こうした点や、洞察が必要となるような微妙な点が、新しい本の中では詳しく扱われています。実験も紹介されています。実験をすることで、経験というものがつねに最初から気づきの甘美さでしかなかったということが、きわめて直接的に示されます。それから、ここで話しているようなこと自体も、言い過ぎなんだということが、本を読めばわかりますよ!

==翻訳は以上 ==

インタビューは以上で終わりだ。パート3では、因果関係というものは本当はない、と断言しておきながら、このパート4では、観照に確立するということがなければ観照の崩壊は起こりません、と因果関係があるように聞こえることを言っている。本当に自由というしかない。

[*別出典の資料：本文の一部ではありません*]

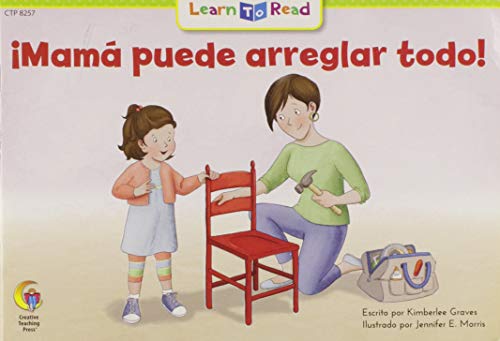 Beispielbild fr Spanish Reader : Mam Puede Arreglar Todo! zum Verkauf von Better World Books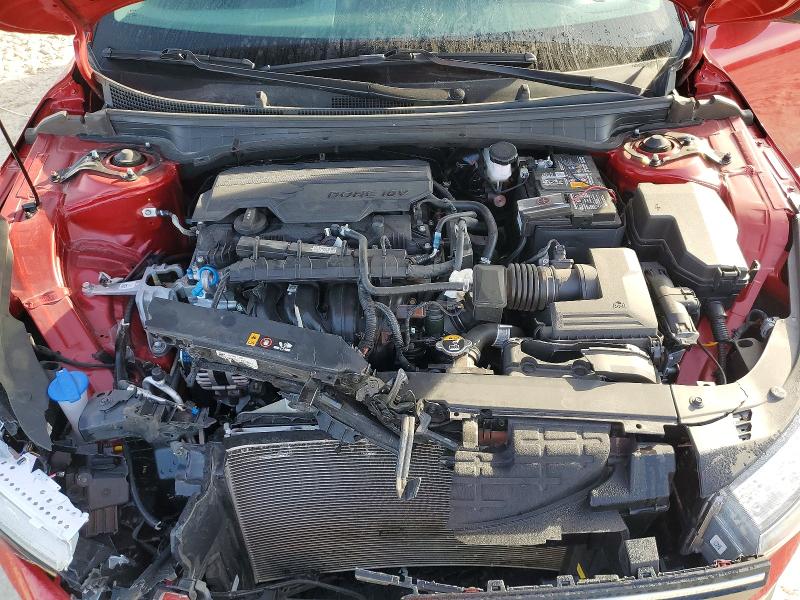 Photo 11 from auction – 2025 KIA K4 with VIN 3KPFT4DE2SE107690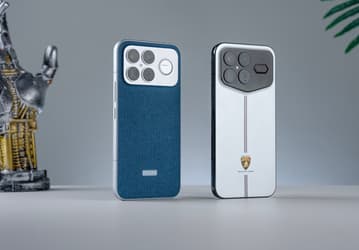 «Джинсовый» против «альпийского белого»: Redmi K90 Pro Max показали с Redmi K90 Pro Max Champion Edition на общем фото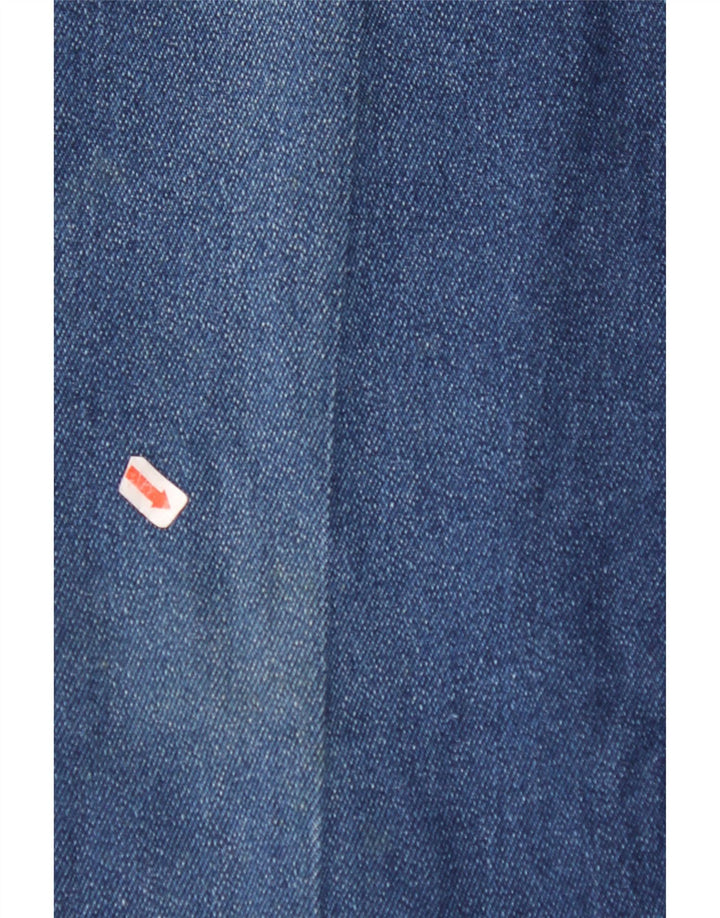 LEVI'S Herren 417 Bootcut Jeans W32 L34 Blaue Baumwolle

このインタビューで触れられている著書Standing as Awareness (気づきとして存在すること) については、その邦訳がナチュラルスピリット社から発行される予定になっている。

二冊目のThe Direct Pathは、かなりボリュームもあり、マニア向けという感じもする。Standing as Awareness (および、同じく邦訳が刊行される予定のルパート・スパイラのPresence) だけで十分以上に足りていると感じる人がほとんどになるだろう。

だが、アートマナンダの教えを、わかりやすい実験や解説と共にかみ砕いて教えているという意味では、The Direct Pathがこれまでになかった稀有な書物であるということは言える。